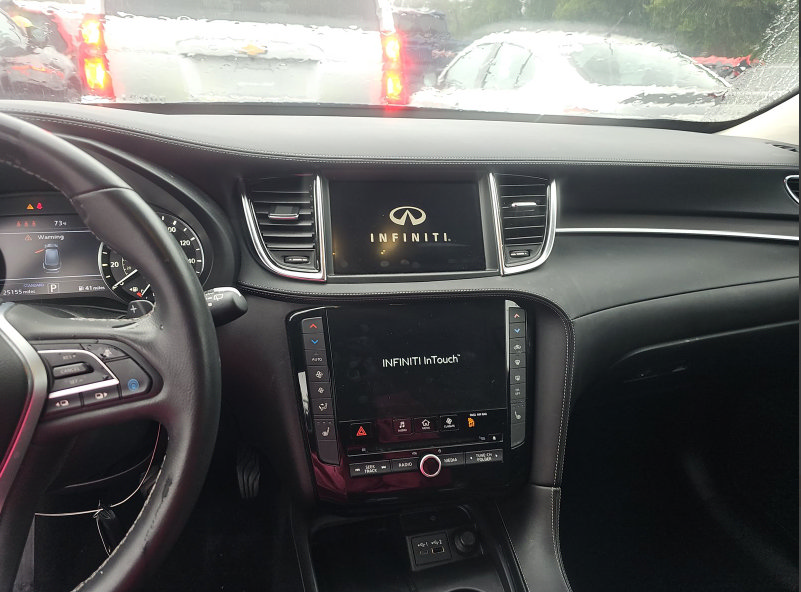 Used 2023 INFINITI QX50 Luxe w/ Cargo Package FWD image 6
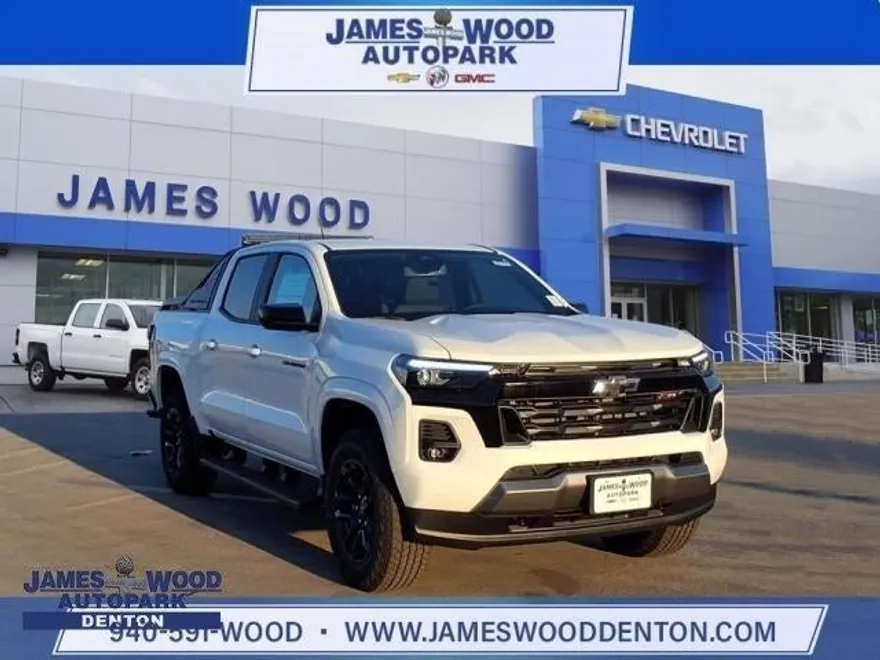 2025 Chevrolet Colorado Z71 photo 1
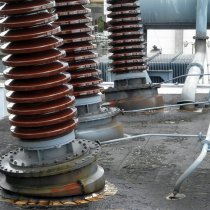 Nieszczelne połączenia kołnierzowe i śrubowe podstacji elektrycznej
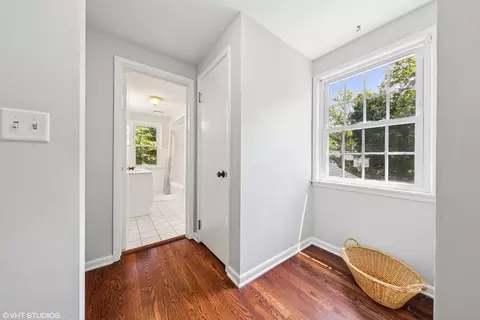 Entry Way - 220 Elm St, Wheaton, IL 60189 photo 2 of 2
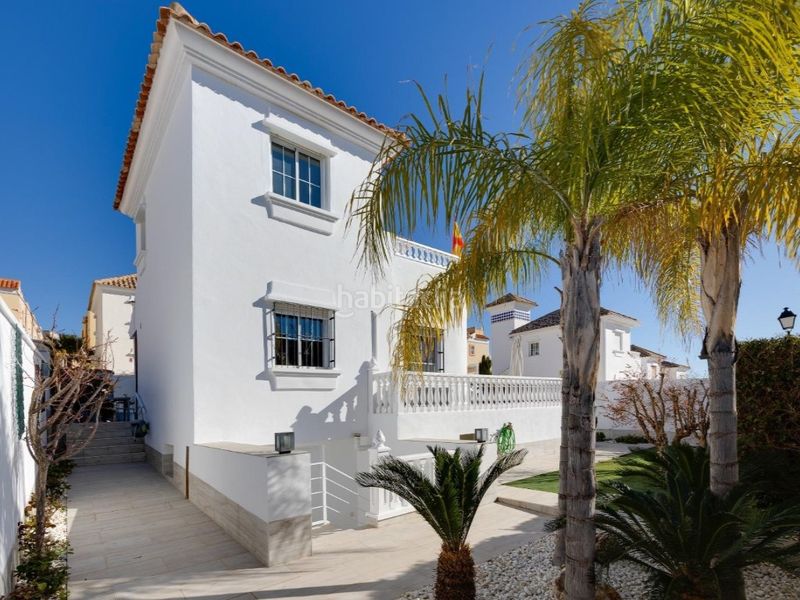 Foto d62c67b6-8ba6-4ecf-a49f-76ff4b8f4003. Casa amb piscina a Villamartín-Las Filipinas Orihuela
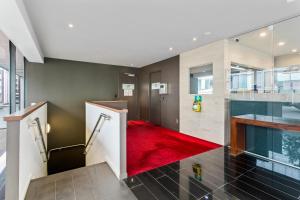 オークランドにあるMarina Luxe Retreat w Carpark-Pool-Spa-Gym-Saunaのギャラリーの写真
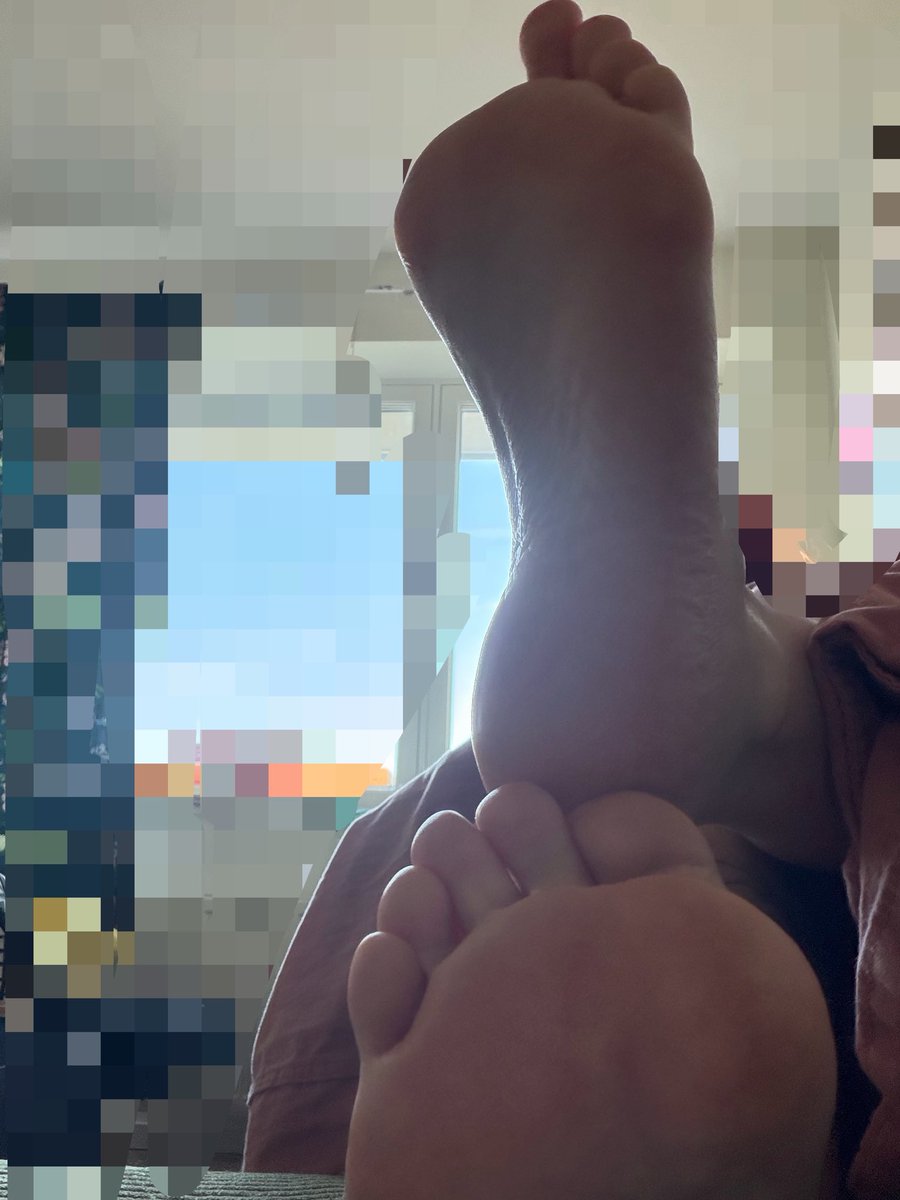 gudinnanmatild2's tweet photo. Serve my feet 🦶🏻💅🏼
#feetworshi̇p #findom #findomswe #femdom #sph #cuck #beta #humanatmn https://t.co/EIoxVhS9MQ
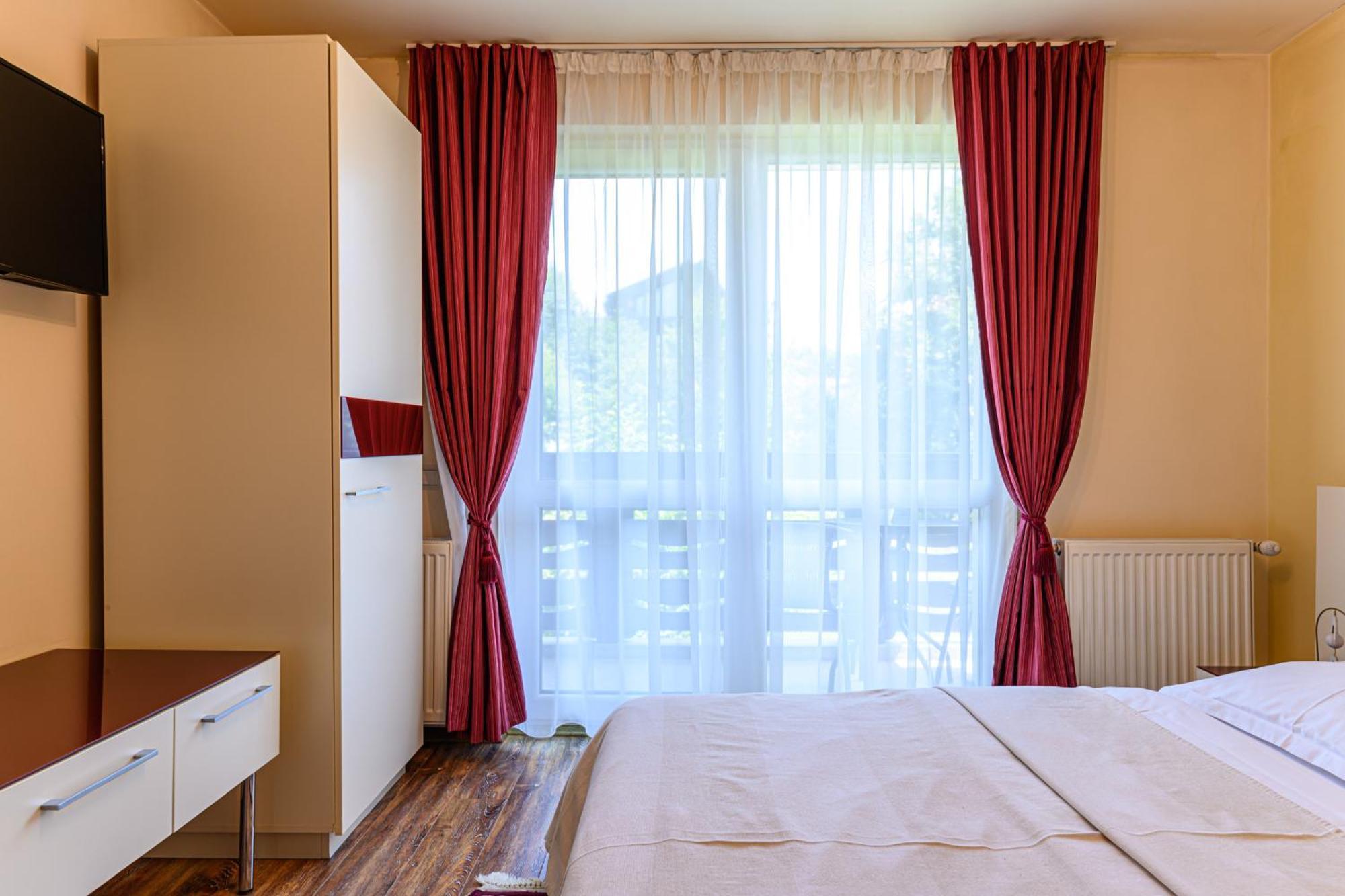 Hotel Casa Ramino à Buşteni Extérieur photo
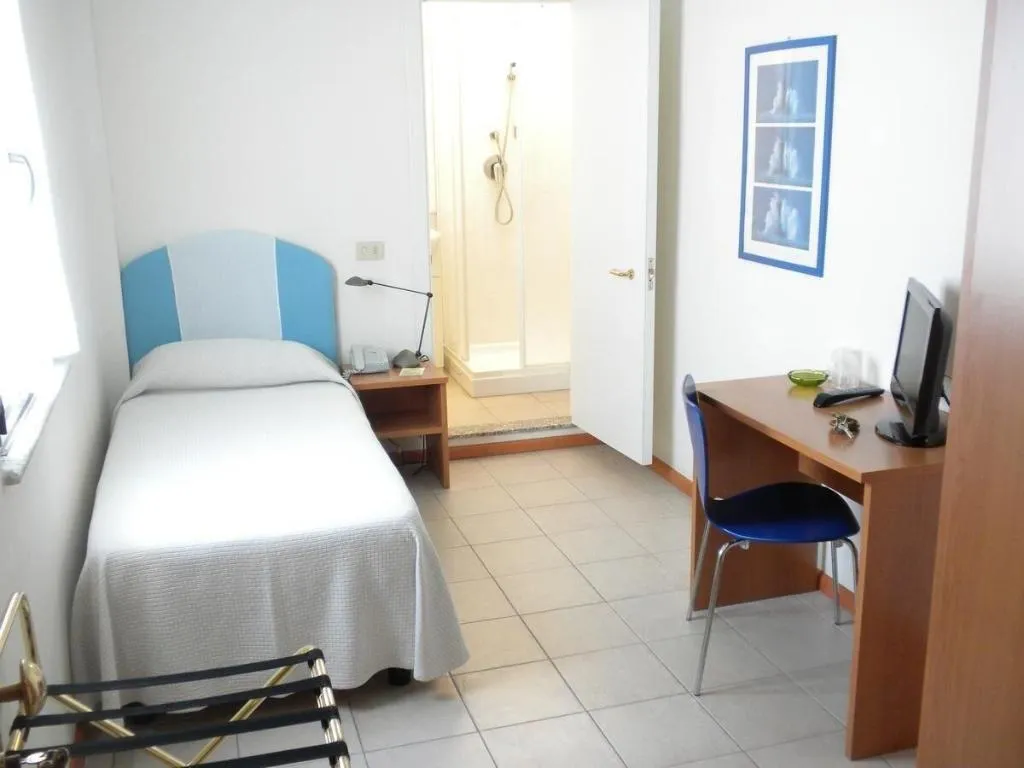 Room, Hotel La Roccia, Olbia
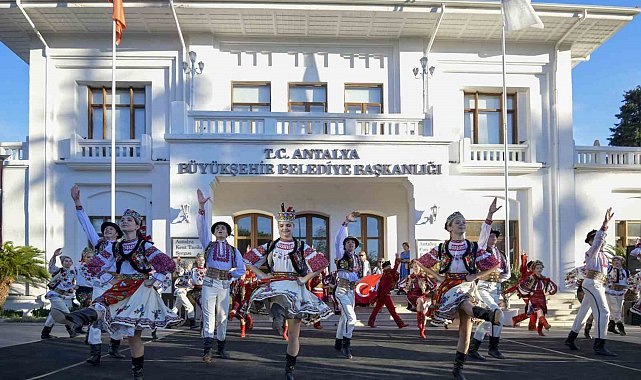 Antalya'da sanatın kalbi Kaleiçi'nde attı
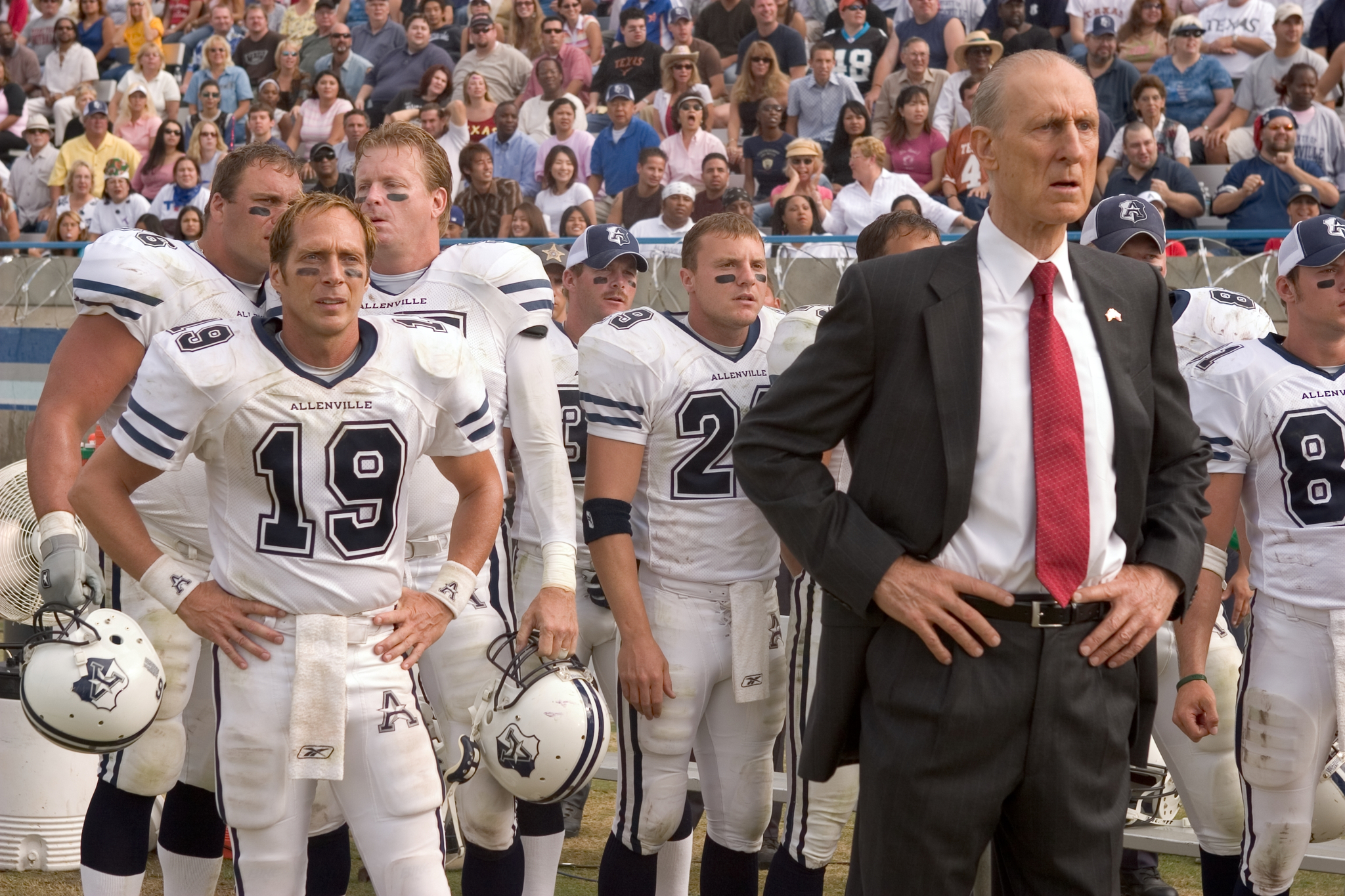 Still of James Cromwell and William Fichtner in The Longest Yard (2005)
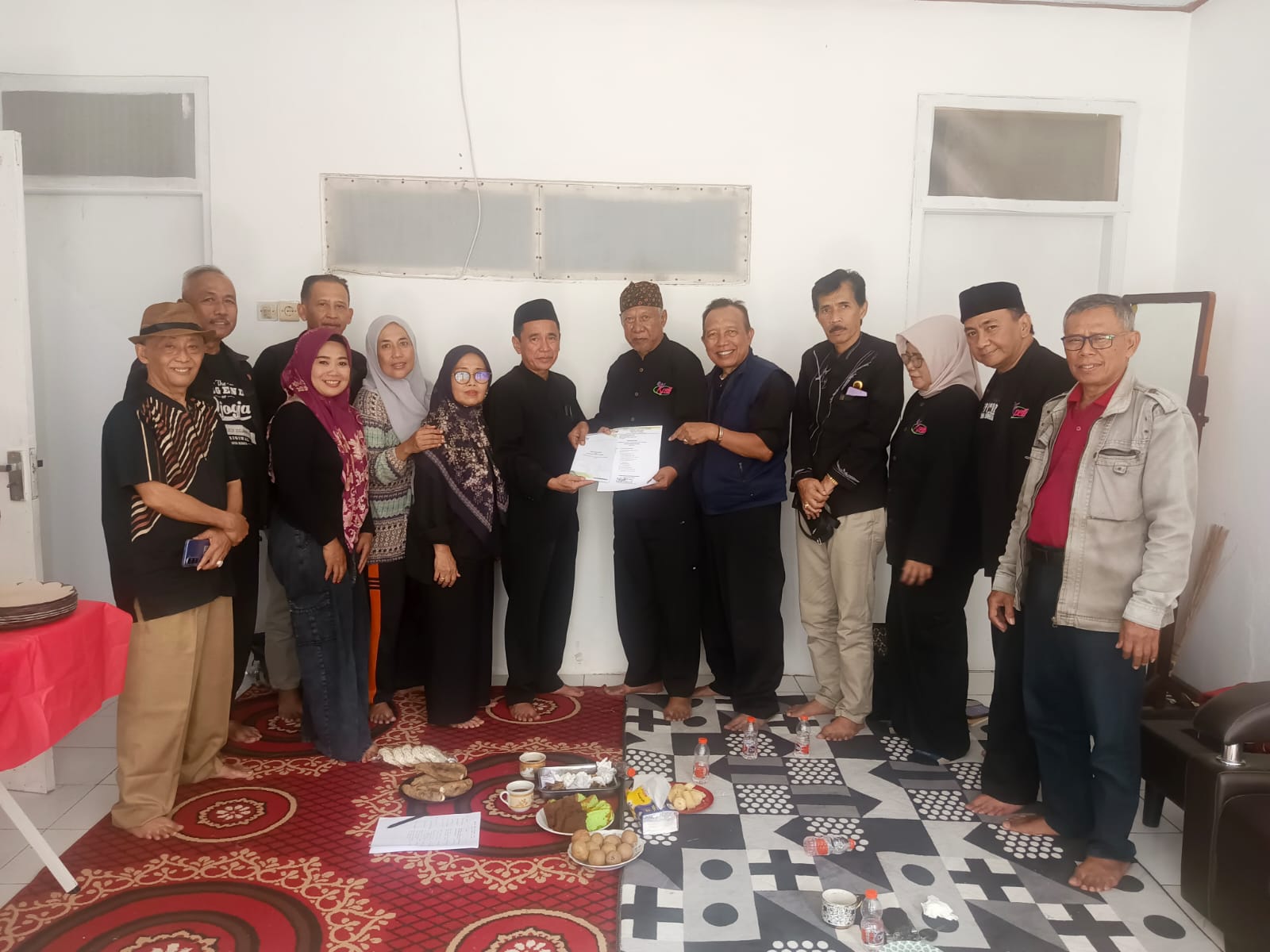 Jalan Terjal Polarisasi Pencak Silat, Jalan Tengah Antara Tradisi Dan Prestasi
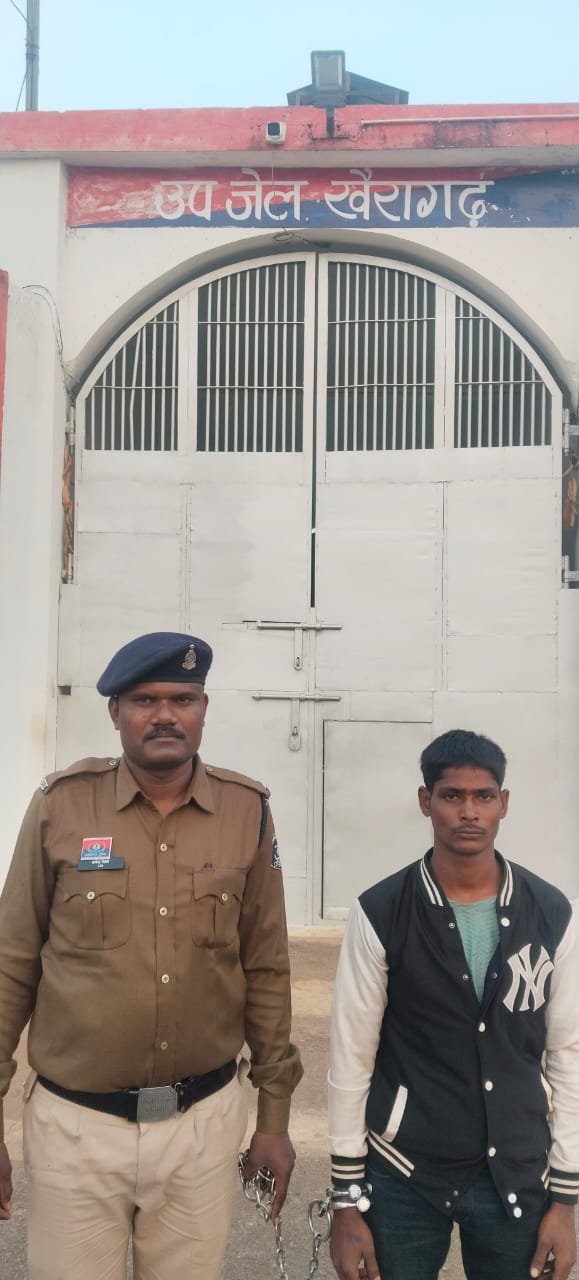 स्वामी आत्मानंद विद्यालय में लैपटॉप चोरी का मामला: पुलिस ने आरोपी को  गिरफ्तार कर बरामद की  60,900 रूपये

▸ **EXERCISE AIM**
When copying the data above, repeat every word exactly and drop the pictures.

▸ **EXERCISE OUTPUT**
 Used 2023 INFINITI QX50 Luxe w/ Cargo Package FWD image 6
 2025 Chevrolet Colorado Z71 photo 1
 Nieszczelne połączenia kołnierzowe i śrubowe podstacji elektrycznej
 Entry Way - 220 Elm St, Wheaton, IL 60189 photo 2 of 2
 Foto d62c67b6-8ba6-4ecf-a49f-76ff4b8f4003. Casa amb piscina a Villamartín-Las Filipinas Orihuela
 オークランドにあるMarina Luxe Retreat w Carpark-Pool-Spa-Gym-Saunaのギャラリーの写真
 gudinnanmatild2's tweet photo. Serve my feet 🦶🏻💅🏼
#feetworshi̇p #findom #findomswe #femdom #sph #cuck #beta #humanatmn https://t.co/EIoxVhS9MQ
 Hotel Casa Ramino à Buşteni Extérieur photo
 Room, Hotel La Roccia, Olbia
 Antalya'da sanatın kalbi Kaleiçi'nde attı
 Still of James Cromwell and William Fichtner in The Longest Yard (2005)
 Jalan Terjal Polarisasi Pencak Silat, Jalan Tengah Antara Tradisi Dan Prestasi
 स्वामी आत्मानंद विद्यालय में लैपटॉप चोरी का मामला: पुलिस ने आरोपी को  गिरफ्तार कर बरामद की  60,900 रूपये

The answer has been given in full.